> [Entries supplied]:

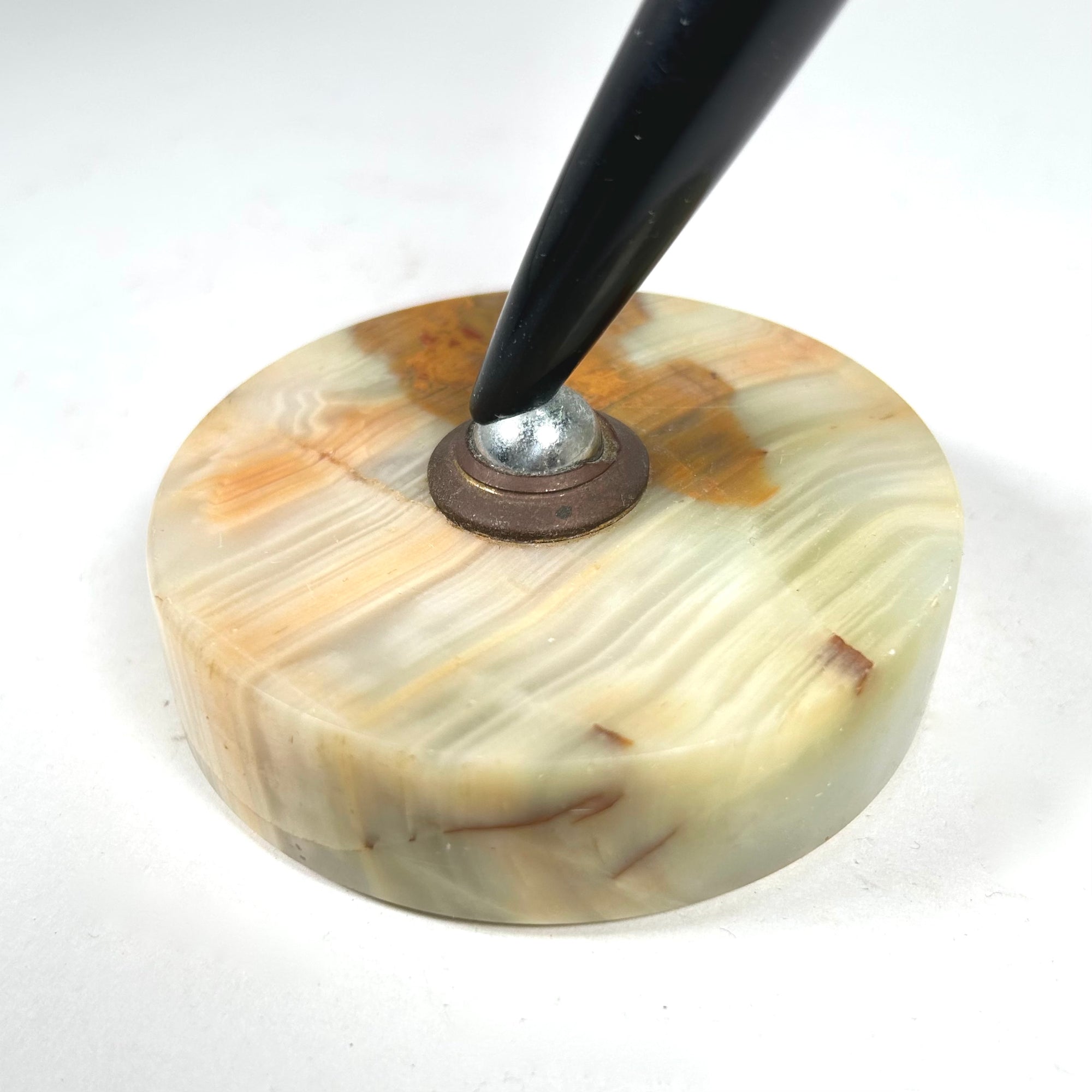 Round Agate Pen Stand with Pen in Cream with Brown Accents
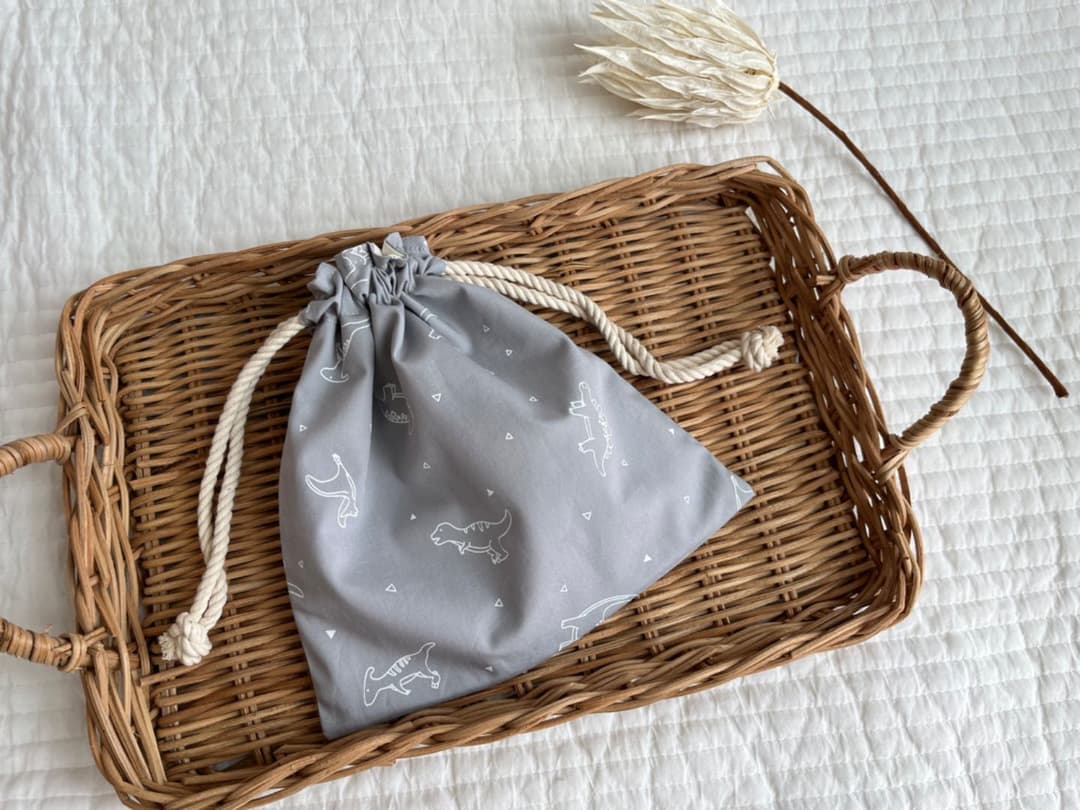 ✳︎ハンドメイド✳︎恐竜柄　グレー　コップ袋　マスク入れなどにも♪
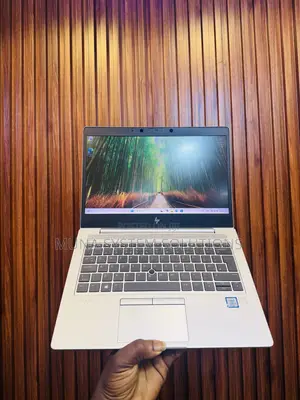 Laptop HP EliteBook 830 G6 8GB Intel Core i5 SSD 256GB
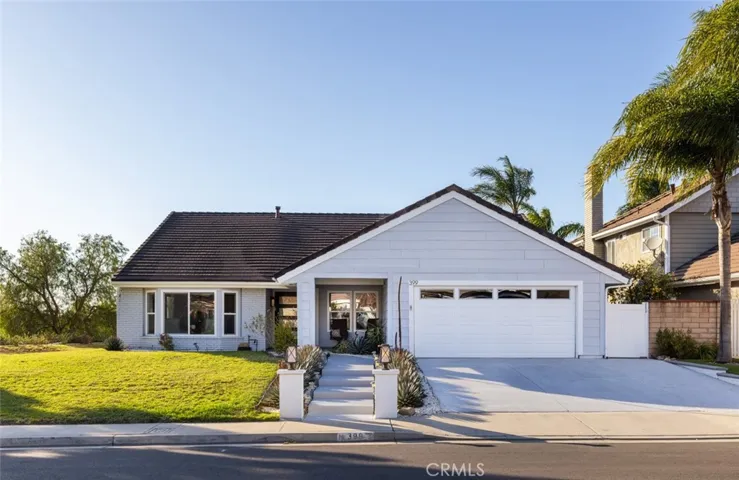 399 S Smokeridge Terrace, Anaheim Hills, California 92807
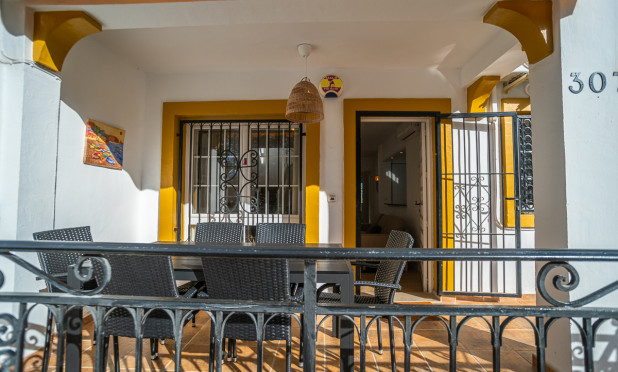 Resale - Villa - Orihuela Costa - Villamartín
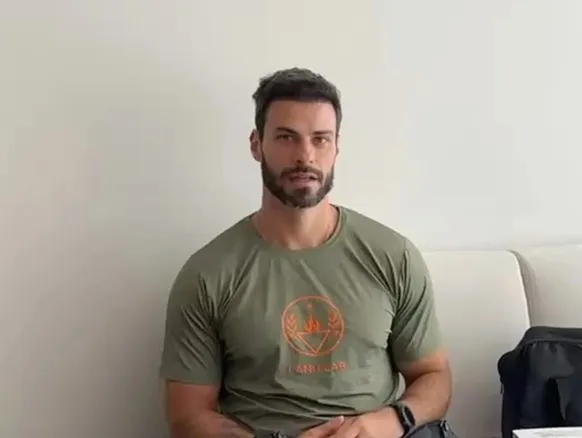 Ex-ator da Globo é internado após ataque de ácaros: "Fui devorado" - Imagem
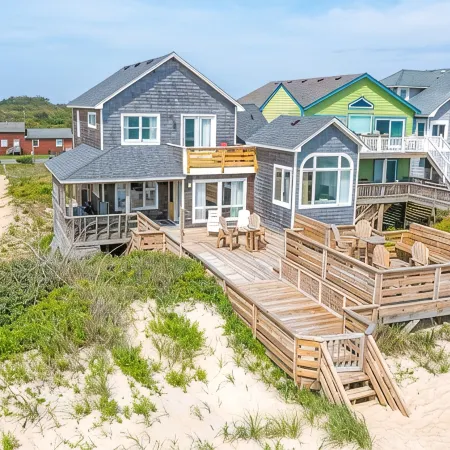 Oceanfront 5 bedroom in Nags Head, NC Outer Banks. Art lovers home.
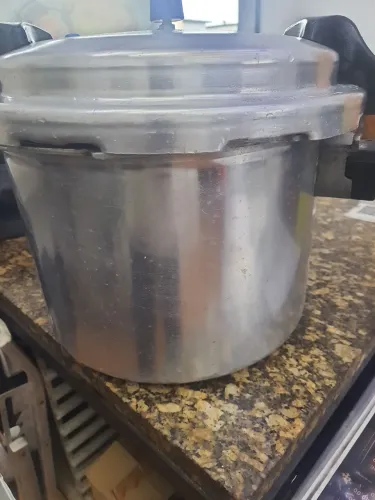Panela de pressão 20 litros 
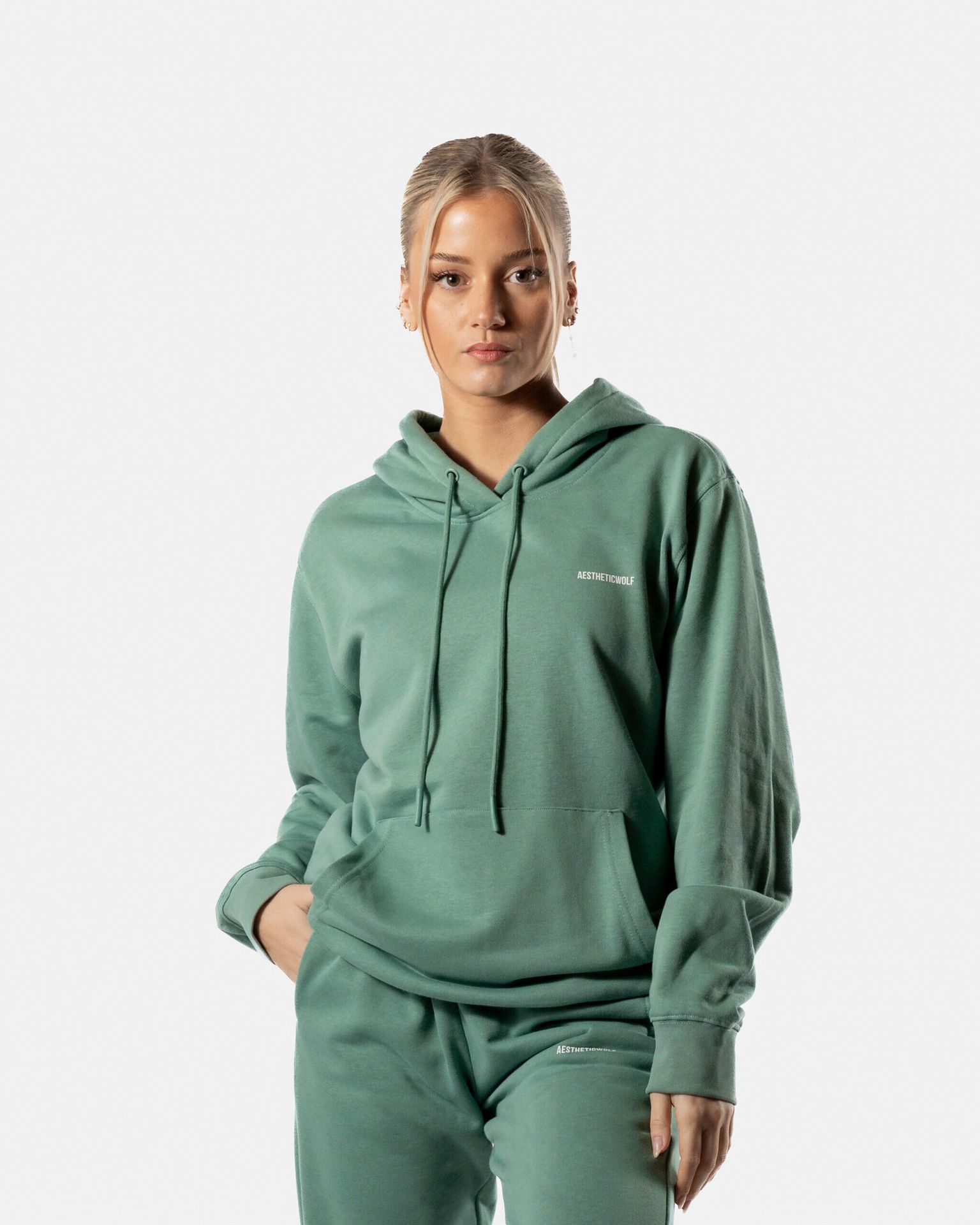 Damska bluza z kapturem 365 oversize z kieszenią kangurką – ciemnozielony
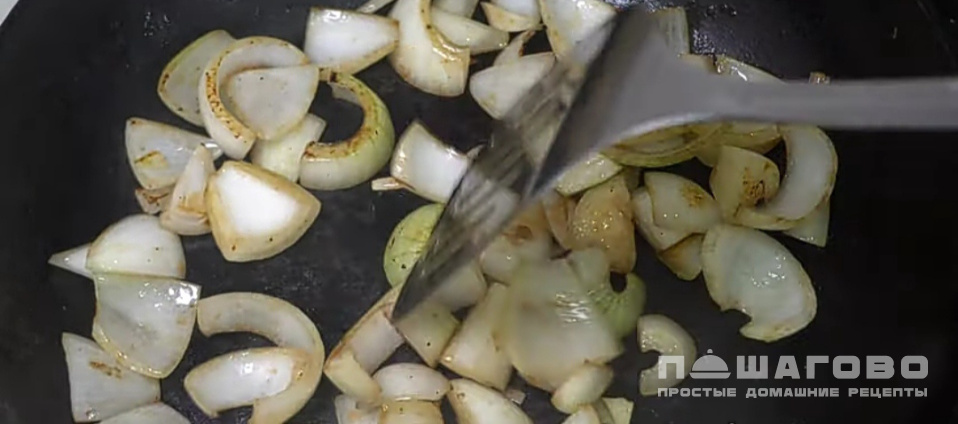 Фото приготовления рецепта: Ирландское рагу из баранины в духовке - шаг 5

> [Directions]: Take every entry above and transcribe it exactly, with no pictures in the copy.

> [Task solution]:
 Round Agate Pen Stand with Pen in Cream with Brown Accents
 ✳︎ハンドメイド✳︎恐竜柄　グレー　コップ袋　マスク入れなどにも♪
 Laptop HP EliteBook 830 G6 8GB Intel Core i5 SSD 256GB
 399 S Smokeridge Terrace, Anaheim Hills, California 92807
 Resale - Villa - Orihuela Costa - Villamartín
 Ex-ator da Globo é internado após ataque de ácaros: "Fui devorado" - Imagem
 Oceanfront 5 bedroom in Nags Head, NC Outer Banks. Art lovers home.
Panela de pressão 20 litros 
 Damska bluza z kapturem 365 oversize z kieszenią kangurką – ciemnozielony
 Фото приготовления рецепта: Ирландское рагу из баранины в духовке - шаг 5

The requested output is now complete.